GCC

UAE- Dream come true courtesy of Noor Islamic Bank

In September last year, Noor issued an invitation to the world to help shape the future of banking, with the launch of its Bank of the Future initiative, aimed at creating innovative ways of banking. As part of the initiative, Noor created an online Shape Your Bank competition to solicit people’s expectations of banks in the future, with prize money of $20,000 for the best idea on enhancing the banking experience. Nurul Iksan from Malang, Indonesia, won the first prize in Noor’s online competition. With the $20,000 in cash, plus an iPad he can begin pursuing some of his business ideas. He will use part of the money to open a fashion shop in nearby Bali. Iksan’s suggestion was to introduce a family account that is held by the head of the family with supplementary cards and limited budgets assigned to all family members. Such a concept has not been implemented in the region yet.

Dubai Islamic Bank net profit up 25 per cent in first half of year

Dubai Dubai Islamic Bank (DIB) recorded a net profit of Dh739 million in the first half of this year, up 25 per cent from Dh592 million during the same time a year ago. Net profit for the second quarter of this year reached Dh437 million, up 31 per cent from compared to Dh334 million registered during the corresponding time last year. Net revenue for the first half of the year amounted to Dh2.1 billion, an increase of 10 per cent from Dh1.9 billion recorded during the same period in 2012. As of the end of June, the bank’s total assets reached Dh111.1 billion, customer deposits grew by 23 per cent to Dh82.4 billion. The bank’s gross investing and financing assets rose 1.4 per cent to Dh59.6 billion. During the first half of the year, the bank expanded its retail franchise to include three branches and 23 ATMs to its network. Additionally, it completed its acquisition of Tamweel, an Islamic home finance provider.
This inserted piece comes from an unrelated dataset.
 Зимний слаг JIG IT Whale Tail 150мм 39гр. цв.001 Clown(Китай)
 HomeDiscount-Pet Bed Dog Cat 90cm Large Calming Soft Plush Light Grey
Sedco to distribute Islamic funds via private banks

Saudi investment firm Sedco Capital plans to register its Islamic funds in Switzerland and distribute them through tie-ups with global private Banks. This is part of efforts to diversify its client base outside Saudi Arabia. Sedco Capital has incorporated environmental, social and governance (ESG) principles into two of the equity funds, widening their appeal to include ethically minded investors in general. The firm hopes this will allow its funds to be marketed to investors beyond traditional Islamic areas in the Middle East and southeast Asia. The firm aims to be able to source two-thirds of its assets under management from outside Saudi Arabia in four to five years. One fund is to be signed by October and the second one by December.Sedco Capital's two ESG funds, launched in May last year, have $230 million in assets and are managed by Stockholm-based Informed Portfolio Management.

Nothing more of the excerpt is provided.